Court Denies Employer’s Access to Social Media Posts in FLSA Collective Action and Sends Warning: If You Want Access to Social Media, Come with Both Barrels Loaded … Leave the Water Gun at Home

Posted in Employment Class & Collective Actions, Wage & Hour

A federal court has denied a defendant-employer’s request that plaintiffs sift through and turn over all their social media posts made during their work hours in an FLSA collective action in which the plaintiffs claim their employer failed to give them meal breaks. How did that happen? I thought you’d never ask.

By way of background, Jewell v. Aaron’s Inc., is a nationwide,1,700+ FLSA collective action pending in the Northern District of Georgia. In the suit (Complaint accessible here), the class plaintiffs (current and former employees of Aaron’s) claim they were not paid for their 30-minute meal periods. As you might imagine, with that many plaintiffs discovery has been difficult. So with that, the parties got creative. They were able to work together to narrow the issues and determined that of the 1,700+ class members, discovery would only be served and responded to by 87 of the opt-in plaintiffs (the “Discovery Plaintiffs”). I won’t go into all the details about that discovery (you may read the Defendant’s Memorandum in Support of Motion for Court Approval of Discovery Request to a Small Number of Randomly-Selected Opt-In Plaintiffs here), because I want to focus on the social media portion of the discovery dispute.

Specifically, in one request for production, Aaron’s asked the Discovery Plaintiffs to produce:

“All documents, statements, or any activity available that you posted on any internet Web site or Web page, including, but not limited to Facebook, MySpace, LinkedIn, Twitter, or a blog from 2009 to the present during your working hours at an Aaron’s store.”

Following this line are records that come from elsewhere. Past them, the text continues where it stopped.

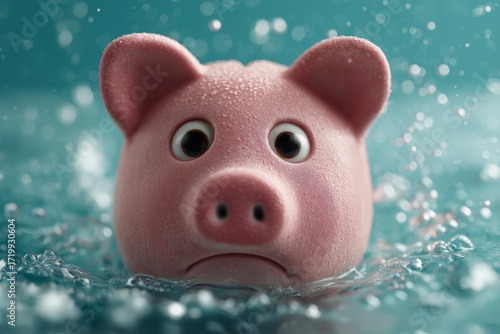 Pink piggy bank sinking underwater, sad facial expression, half submerged in clear blue water with bubbles, concept of financial crisis, debt and financial problems.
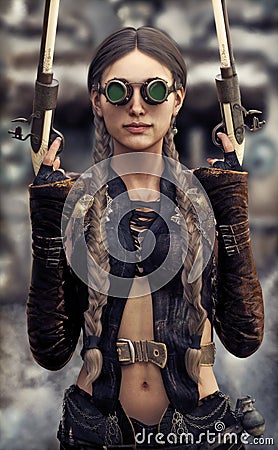 Portrait of a beautiful steampunk woman gunslinger holding two pistols . Stock Photo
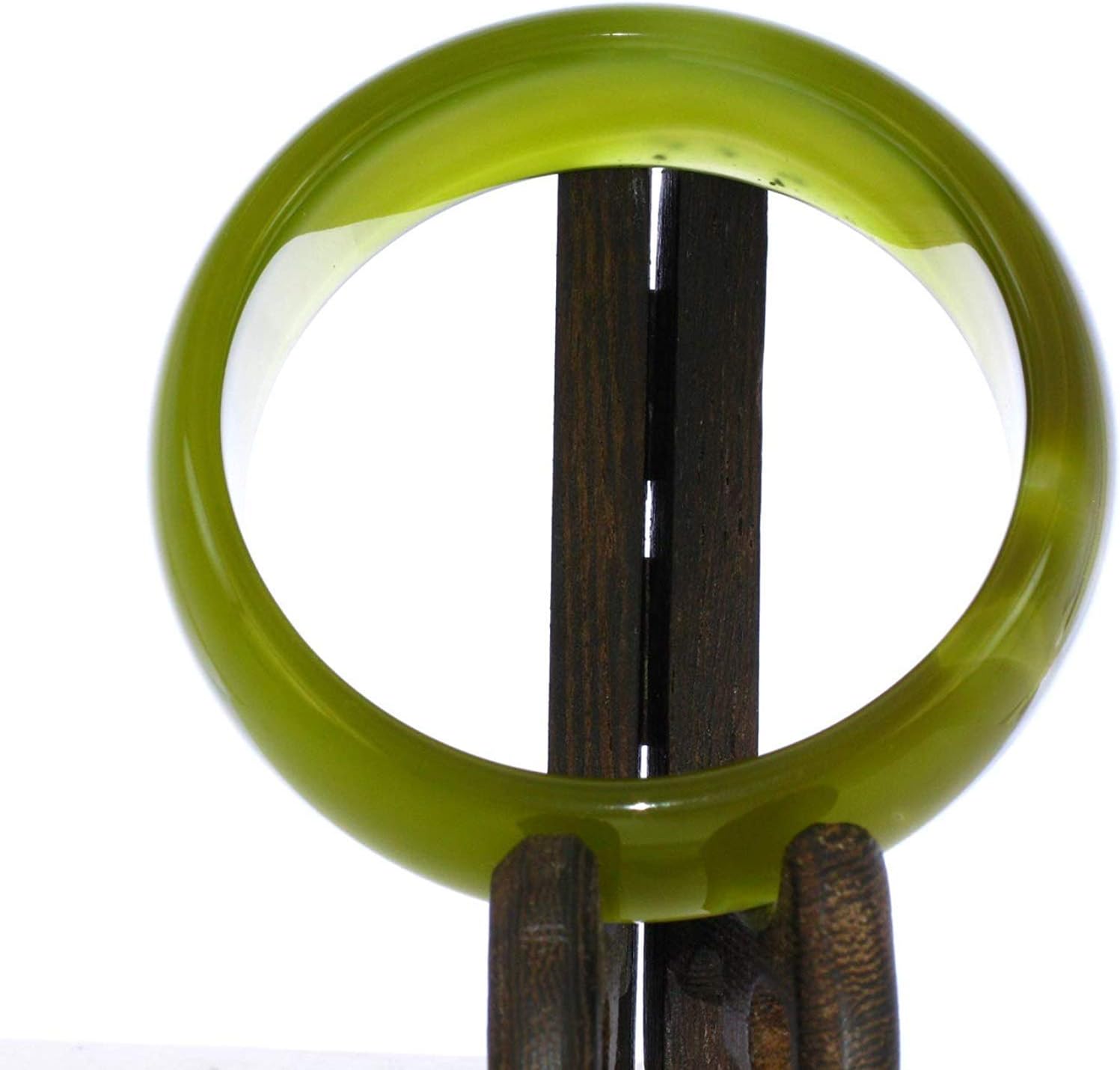 2.4" China Certified Nature Green Chalcedony Jade Women's Bangle Bracelets 6437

To support its argument that the requested information was relevant, Aaron’s produced a Facebook post from the named plaintiff (“Plaintiff Jewell”) that stated that Plaintiff Jewell was taking a lunch break: “At workkkk…on lunch….ready to go home… work two hrs in am then offffff for the day.” The date and time of the post was illegible on the printout Aaron’s received, and Aaron’s argued the date/time stamp should be legible “if provided by Plaintiff.” Aaron’s then argued that other postings (whose date and time stamps were also illegible) also suggested that Plaintiff Jewell was using work time to make his personal posts on Facebook, i.e., take a break from work, including:

  • “Hmmm the joys of driving over a hundred miles in three cities to collect payments of non renewed accounts…..life of a cam on Saturdays.”
  • “At work til 6pm… lots of work to do today…so very little time to do it”
  • • It may be 930 am on a Saturday….but I have this think I do every Saturday between 8 and 9…..its called work lol”
  • “About to be off work oh how I can’t wait….”
  • Hmmm….ready to be off work….”
  • En work blows today…Ready to be at home chillin…”
  • Sitting here at work…kinda sleep”
  • At work.. hmmm all I am gonna say”

Aaron’s argued it was likely that many of the opt-in plaintiffs made similar posts, that some of the posts may directly show that the poster was taking a lunch break at the time, and that the date and time stamp of other posts may indicate that the poster spent a chunk of 30 minutes or more during the work day engaged in a series of successive personal posts such that there would be a 30-minute period the poster’s work day that would be appropriately excluded from the compensable time the poster could claim he or she could not take breaks during the day because of work pressures. The speculative “it was likely,” “may directly show” and “could indicate” language became significant in the court’s ultimate decision on the issue.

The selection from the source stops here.